Participant demographic characteristics for each study are presented in Table 2 and descriptive statistics of study variables in Table 3. Final sample size ranged from 1995 to 2068 for NQLS and 687 to 718 for SNQLS due to missing data. NQLS and SNQLS participants indicated similarly low levels of concern about crime safety, with mean scores of 3.3 and 3.4 (range of 1–4), respectively, on the 4- and 5-item scales. Table 4 presents correlations between built environment and safety variables. Tables 5 and 6 show the relation of the environmental and safety variables to minutes/week of physical activity.

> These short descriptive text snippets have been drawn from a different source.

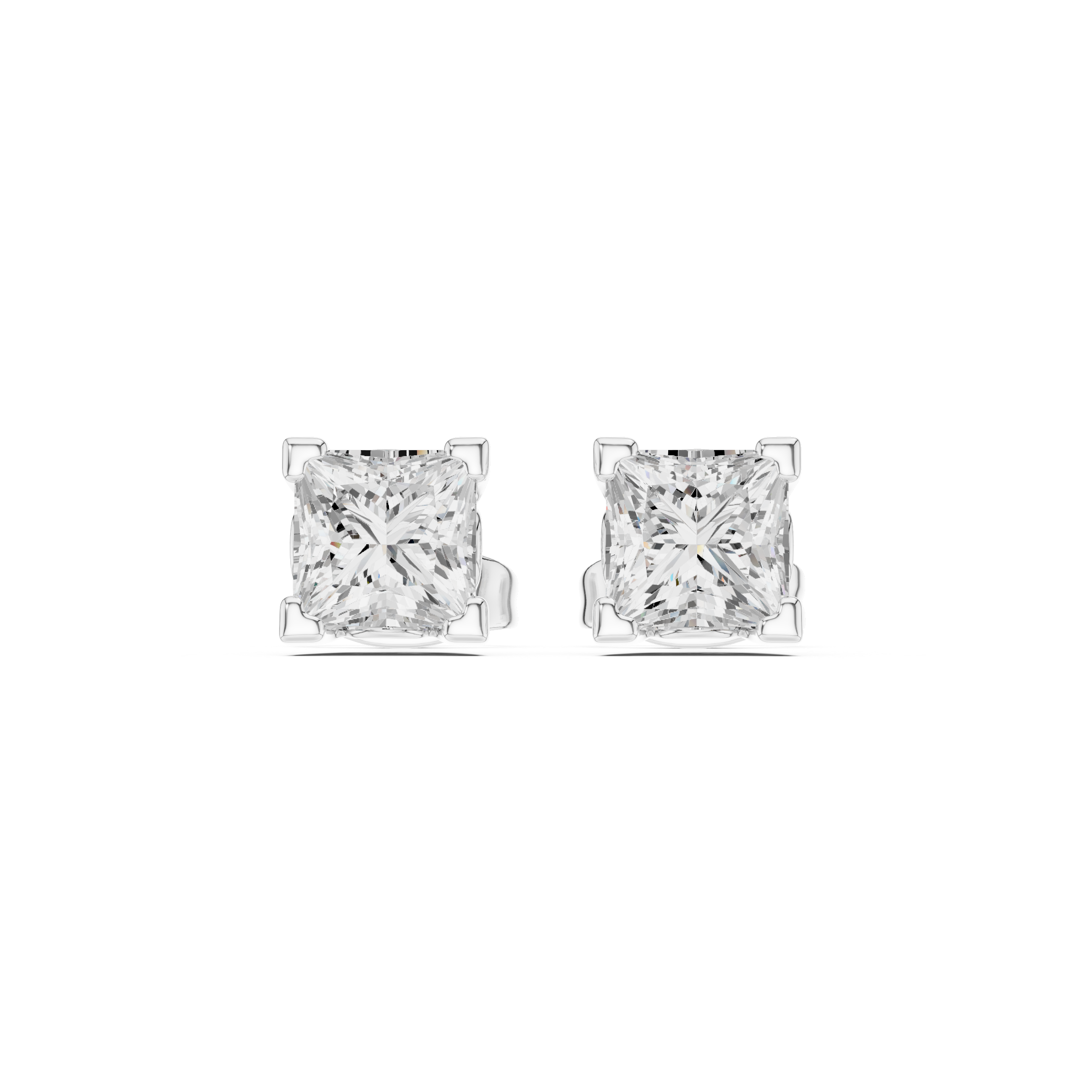 Square Cushion Cut Diamond Stud Earrings in Four-Prong Setting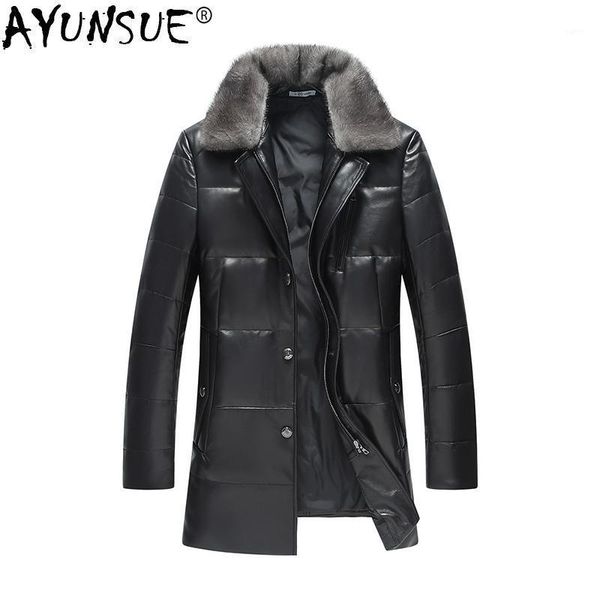

ayunsue men's leather jacket autumn winter genuine leather down jacket collar sheepskin coat 2020w17a350 kj38451, Black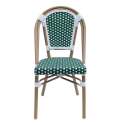 Chaise de bistrot parisien en aluminium et rotin synthétique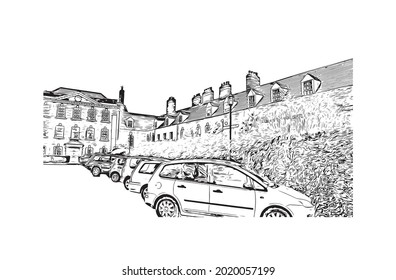 La vista de los edificios con monumentos de Gloucester es una ciudad de Inglaterra. Dibujo a mano de ilustración de esbozo en vector.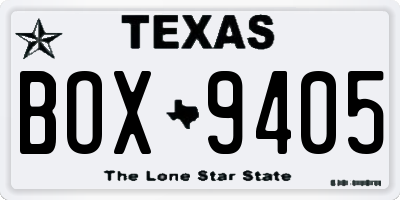 TX license plate BOX9405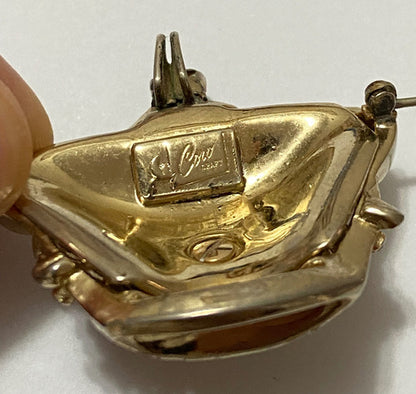 Broche Antigo Coroa Jubileu De Ouro Core Craft Com Pedras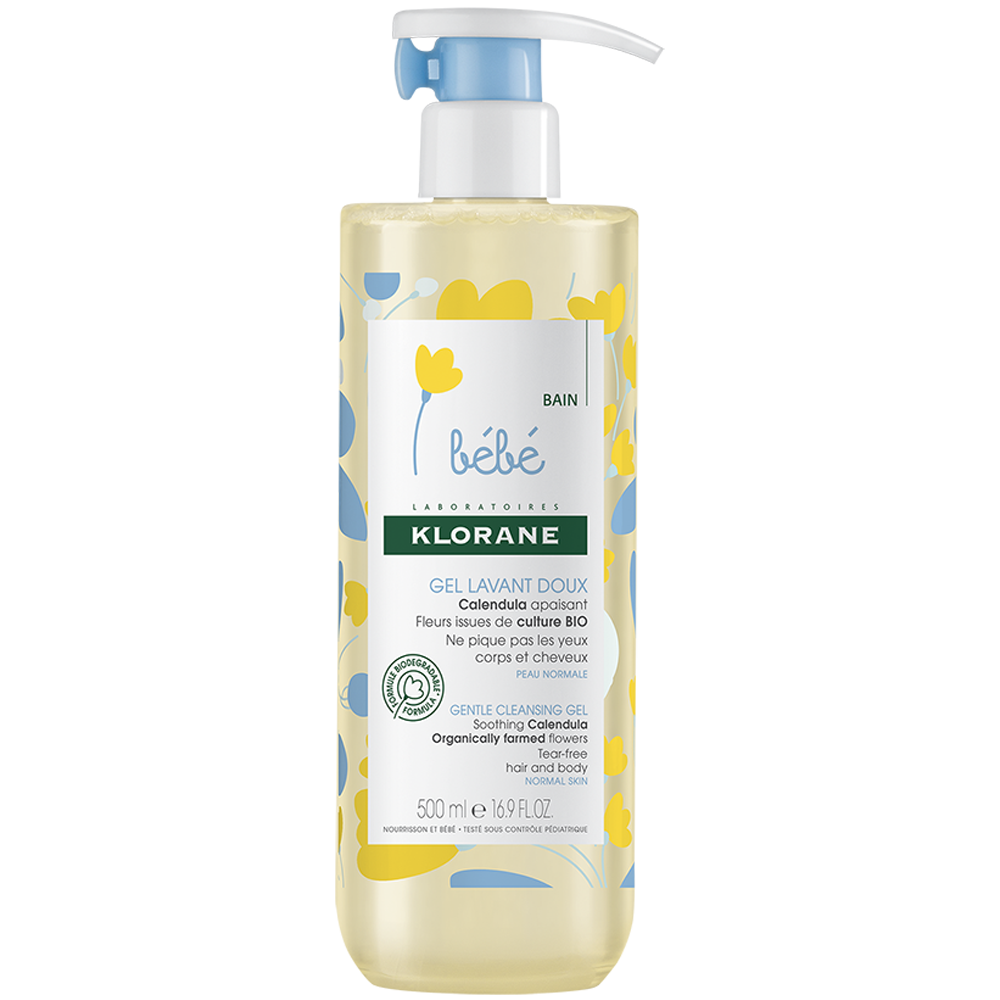 KLORANE Bébé Gentle Cleansing Gel with Soothing Calendula from Organically Farmed Flowers - Normal Skin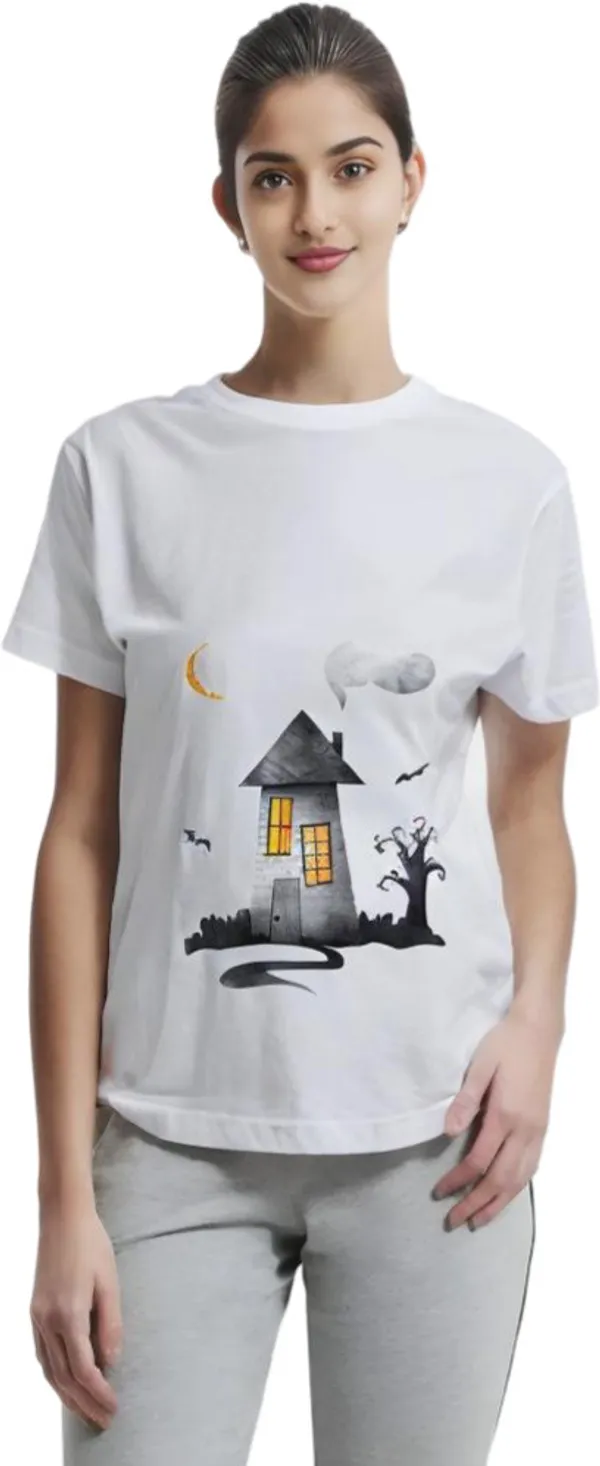 White_Polycotton_Round_Neck_Graphic_Print_T-Shirt_For_Women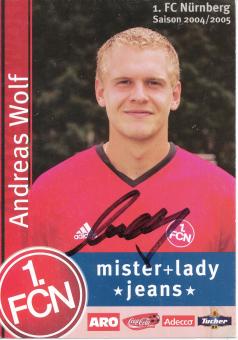 Andreas Wolf   2004/2005  FC Nürnberg  Fußball Autogrammkarte original signiert 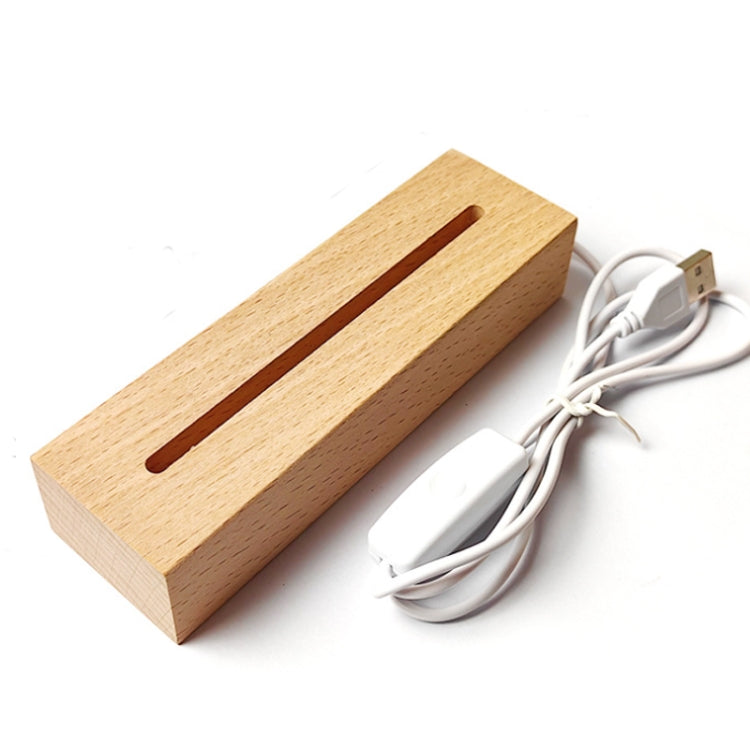 LED Light Solid Wood Luminous Base for Resin Art Acrylic Glass Lights Rectangular 18cm(Three-color Light) - free shipping - PMc TechLife - Order now!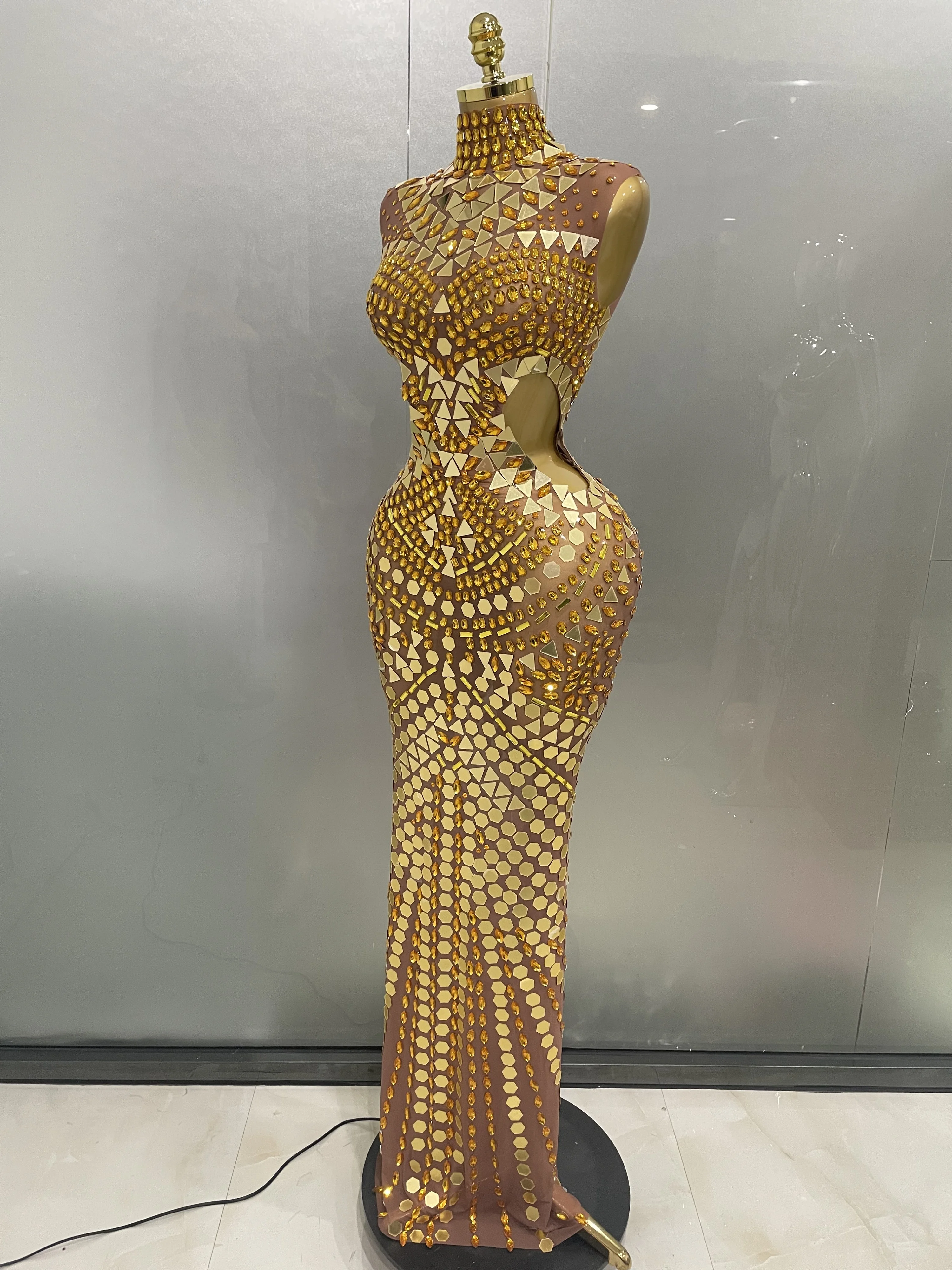 Luxury Shiny Mirror Rhinestones Hollowed-out Long Dress 2026Women Celebrity Evening Party Catwalk Prom Stage Photo Shoot Dresses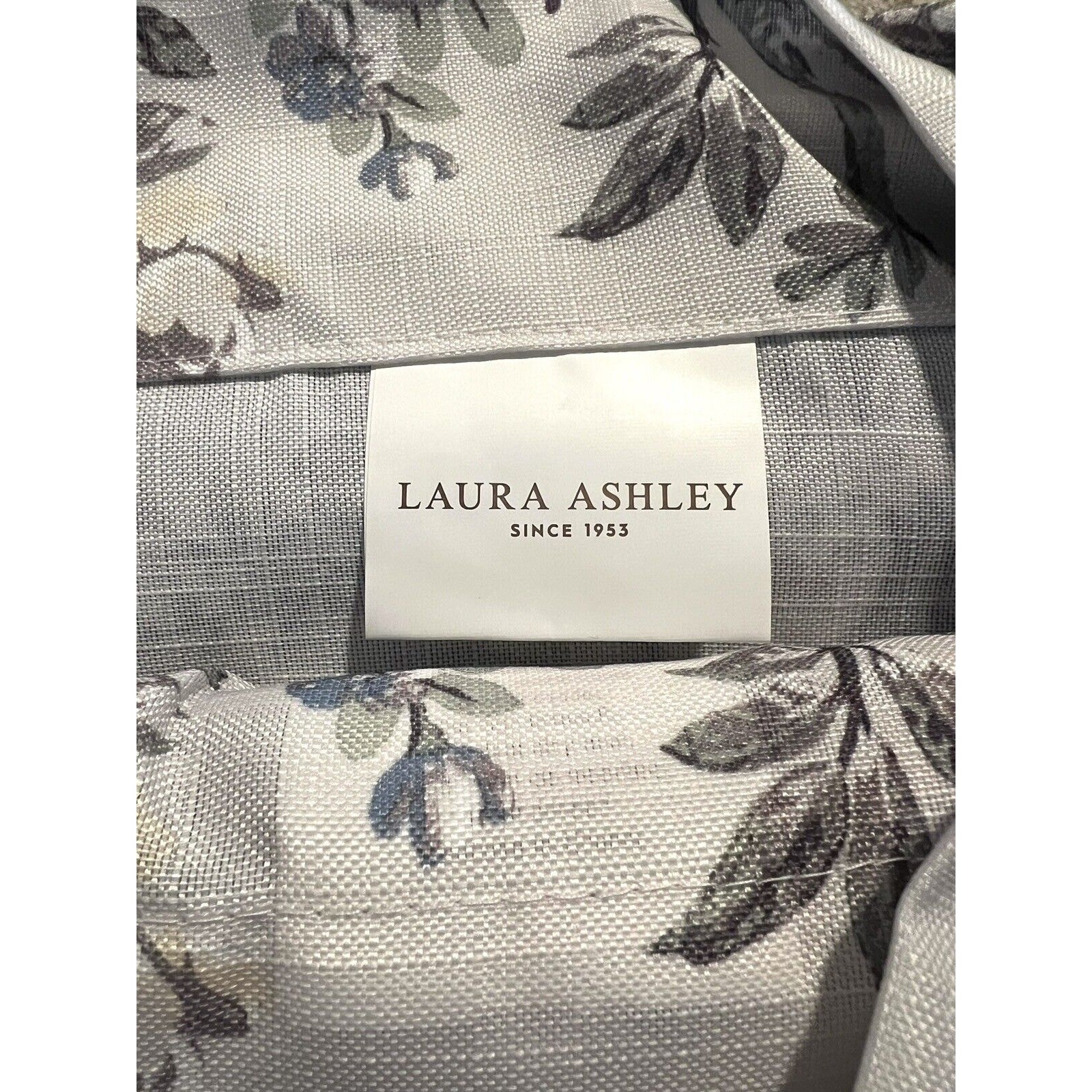Laura Ashley Belvedere Peacock Curtains 2 Panels Navy Blue Green Ivory 38”x 96”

Table 2 Participant demographic characteristics (NQLS n = 2068, SNQLS n = 718)
Table 3 Descriptive statistics for independent variables and outcomes
Table 4 Pearson's correlations between built environment and safety variables
Table 5 Unstandardized regression coefficients and P-values for built environment, perceived safety, and their interactions in the NQLS sample
Table 6 Unstandardized regression coefficients and P-values for built environment, perceived safety, and their interactions in the SNQLS sample

NQLS models

Total MVPA

NQLS participants engaged in an average of 233.0 minutes/week of total MVPA, as assessed by accelerometer. As shown in Table 5, walkability (see Models 1–3; Bs = 7.81 to 9.99; p-values < .001) and number of recreation facilities (see Models 7–9; Bs = 28.10 to 35.66; p-values < .05) were consistently associated with total MVPA minutes/week (note that main effects for environmental variables in relation to all three outcomes have been reported previously for the NQLS sample) [31]. Pedestrian safety was associated with total MVPA minutes/week in the model that included the walkability index (see Model 2; B = 40.26; p < .001) and the model that included number of recreation facilities nearby (see Model 8; B = 36.90; p = .002). Traffic safety was associated with total minutes of MVPA/week in the model that included the walkability index (see Model 1; B = 17.15; p = .049). There were positive interactions between walkability and pedestrian safety (see Model 2; B = 7.48; p = .027; pseudo R2 = .634) and number of parks nearby and pedestrian safety (see Model 5; B = 76.32; p = .012; pseudo R2 = .103), and a negative interaction between walkability and crime safety (see Model 3; B = −6.51; p = .028; pseudo R2 = .700) in explaining total MVPA. As shown in Figure 1, for participants with high pedestrian safety, having higher neighborhood walkability accounted for 75.1 additional minutes/week of total MVPA. For participants with low pedestrian safety, having higher neighborhood walkability accounted for 26.4 more minutes/week of total MVPA. As shown in Figure 2, for participants with high pedestrian safety, having 1+ vs. 0 parks nearby accounted for 22.2 additional minutes/week of total MVPA. For participants with low pedestrian safety, having 1+ vs. 0 parks nearby accounted for 46.2 fewer minutes/week of total MVPA. As shown in Figure 3, for participants with high crime safety, having higher walkability accounted for 38.8 additional minutes/week of total MVPA; for participants with low crime safety, having higher walkability accounted for 91.2 additional minutes/week of total MVPA.

Figure 1
figure 1

Significant interaction between pedestrian safety and walkability index related to total moderate to vigorous physical activity among younger adults (M2).

Figure 2
figure 2

Significant interaction between pedestrian safety and presence of nearby parks related to total moderate to vigorous physical activity among younger adults (M5).

Figure 3
figure 3

Significant interaction between crime safety and walkability index related to total moderate to vigorous physical activity among younger adults (M3).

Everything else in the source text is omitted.